The NH listeners generally perform well even in extremely reverberant conditions, while on the other hand, the intelligibility of reverberant speech drops significantly in hearing-impaired listeners and CI users even at moderately reverberant conditions. Therefore, in the current study CI listeners are tested to evaluate the proposed dereverberation algorithm in terms of intelligibility improvement. The results from IRM are also presented as an upper level for intelligibility assessments.

BINARY MASKING OF REVERBERANT SPEECH

In the implementation of binary reverberant masking algorithms described in this section, a total of 64 fourth order Gammatone filters are used to decompose the signal bandwidth of 50 to 8000 Hz (half of sampling frequency) into quasi-logarithmically spaced bands with center frequencies equally spaced on the equivalent rectangular bandwidth (ERB) scale. The bandpass filtered signals are divided into 20-ms frames with a 50% overlap between adjacent frames.

Blind reverberant mask

Algorithm overview

The block diagram of the proposed dereverberation algorithm is shown in Fig. 1. As depicted in the figure, the proposed algorithm consists of four stages. The first stage provides time-frequency representation of the speech signal by passing it through a set of bandpass filters and blocking the bandpass filtered outputs to short time overlapping frames, where each short time frame at each frequency bin corresponds to a T-F unit. In order to make decisions for classifying the T-F units as speech or (late) reverberation dominant, features are extracted in the second stage for all T-F units. After passing the features to the next stage, the threshold value for each unit is computed, the T-F units are classified as speech or reverberation dominant, and their corresponding mask value is set to 1 or 0 accordingly. This binary mask provides an estimate of the IRM (ideal case) and is applied to the T-F representation of the reverberant signal in the last stage.

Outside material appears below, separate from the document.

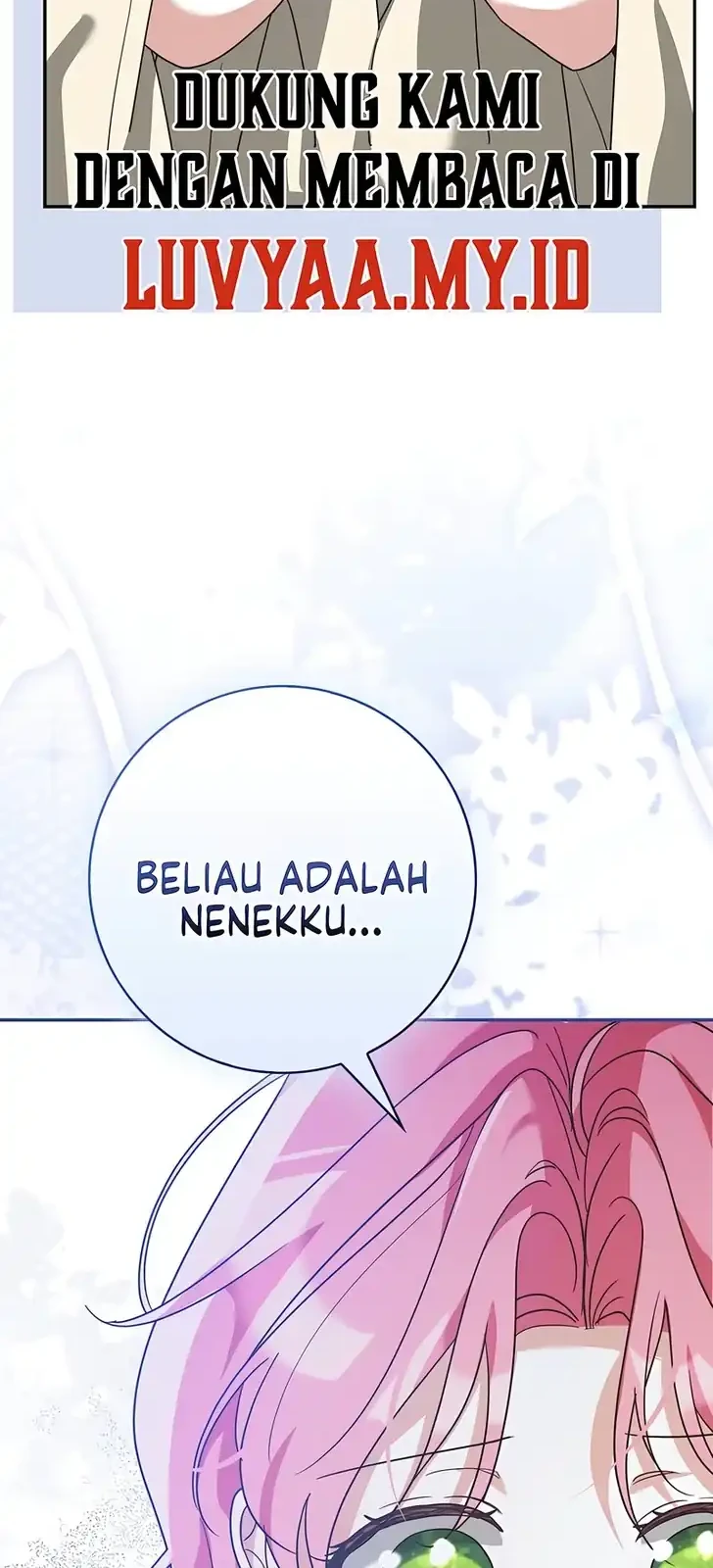 I Will Try to Save My Dad Chapter 11 - halaman 56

The binary-masked bandpass filtered reverberant speech signals are summed across different frequency bins to re-synthesize the dereverberated speech.

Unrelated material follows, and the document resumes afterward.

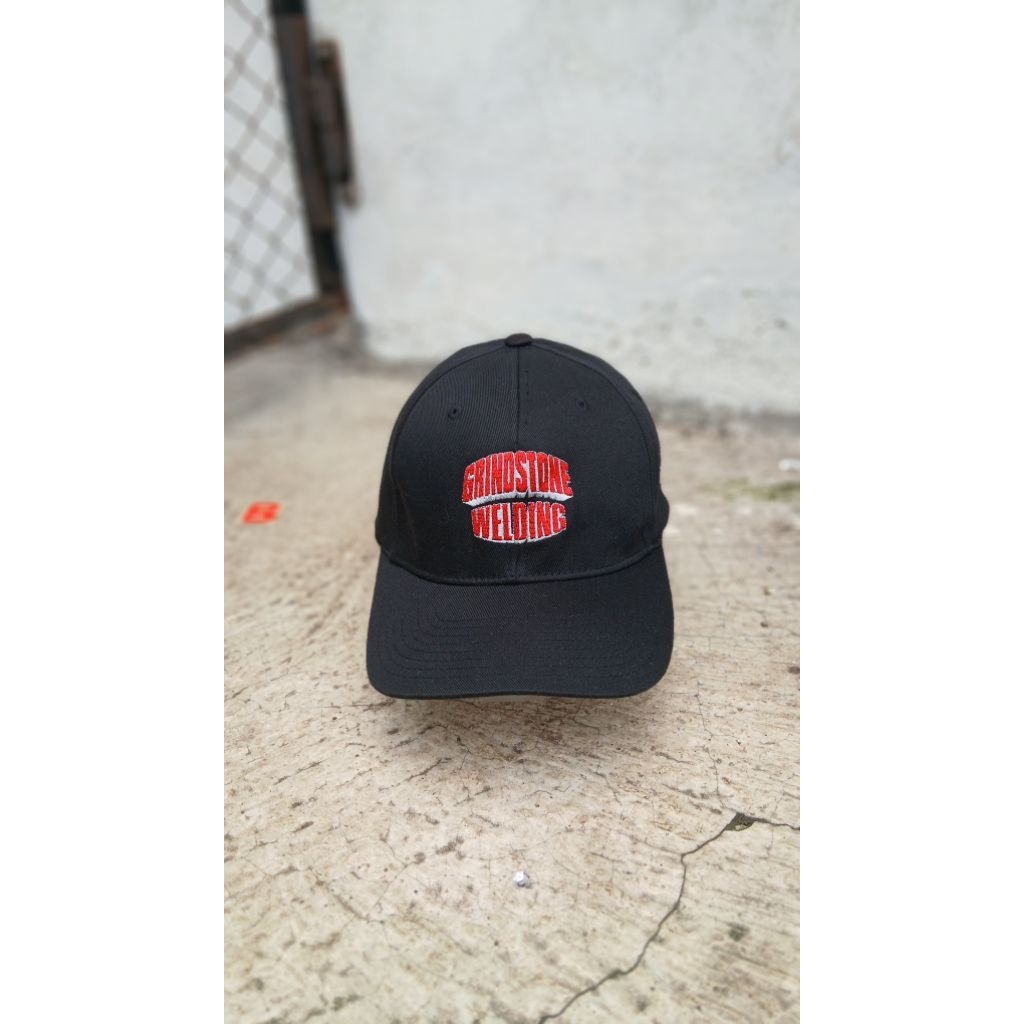 topi flexfit yupoong original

Block diagram of the proposed binary mask estimation technique for dereverberation.

Feature extraction

The input reverberant speech, r(n), is decomposed into T-F units by passing it through a J-channel (here, J is set to 64) Gammatone filterbank, with quasi-logarithmically spaced center frequencies, and applying short-time frame blocking. This T-F decomposed signal is denoted by r(t, j) where t and j represent time frame and frequency band indices, respectively. In order to reliably classify the T-F units, the peaks and valleys in each band need to be identified. This is accomplished via the use of a discriminative feature computed as the ratio of the variance of the signal raised to a power and the variance of the absolute value of the signal. Accordingly, the feature is computed as follows:

f_{M} (t, j) = 10 \log_{10} (\frac{\begin{matrix} σ_{r'}^{2} (t, j) \end{matrix}}{σ_{| r |}^{2} (t, j)}),

(1)

where $r' (t, j) = {| r (t, j) |}^{α}$ , and $| r (t, j) |$ is the absolute value of the L (frame size) dimensional reverberant vector in frame t, and frequency band j. The parameter α in Eq. 1 is set to 2.1 experimentally.

The feature is smoothed across time using a 3-point median filter. Figure 2c shows features extracted from a bandpass filtered reverberant signal (f_c = 0.5 kHz). As can be seen, the peaks/valleys of the features are aligned with speech presence/absence in anechoic quiet condition [compare panels in Figs. 2a, 2c]. Therefore, an adaptive threshold (dashed line) is needed to make accurate decision on whether the short-time frame is speech or reverberation dominant.

(Color online) Band-pass filtered (*f_c* = 0.5 kHz) waveforms of the IEEE sentence: “The stitch will serve but needs to be shortened,” for (a) clean, (b) reverberant (T₆₀ = 0.6 s), and (d) BRM-processed reverberant signals. Panel (c) shows the instantaneous threshold (dashed line) and the features (solid line).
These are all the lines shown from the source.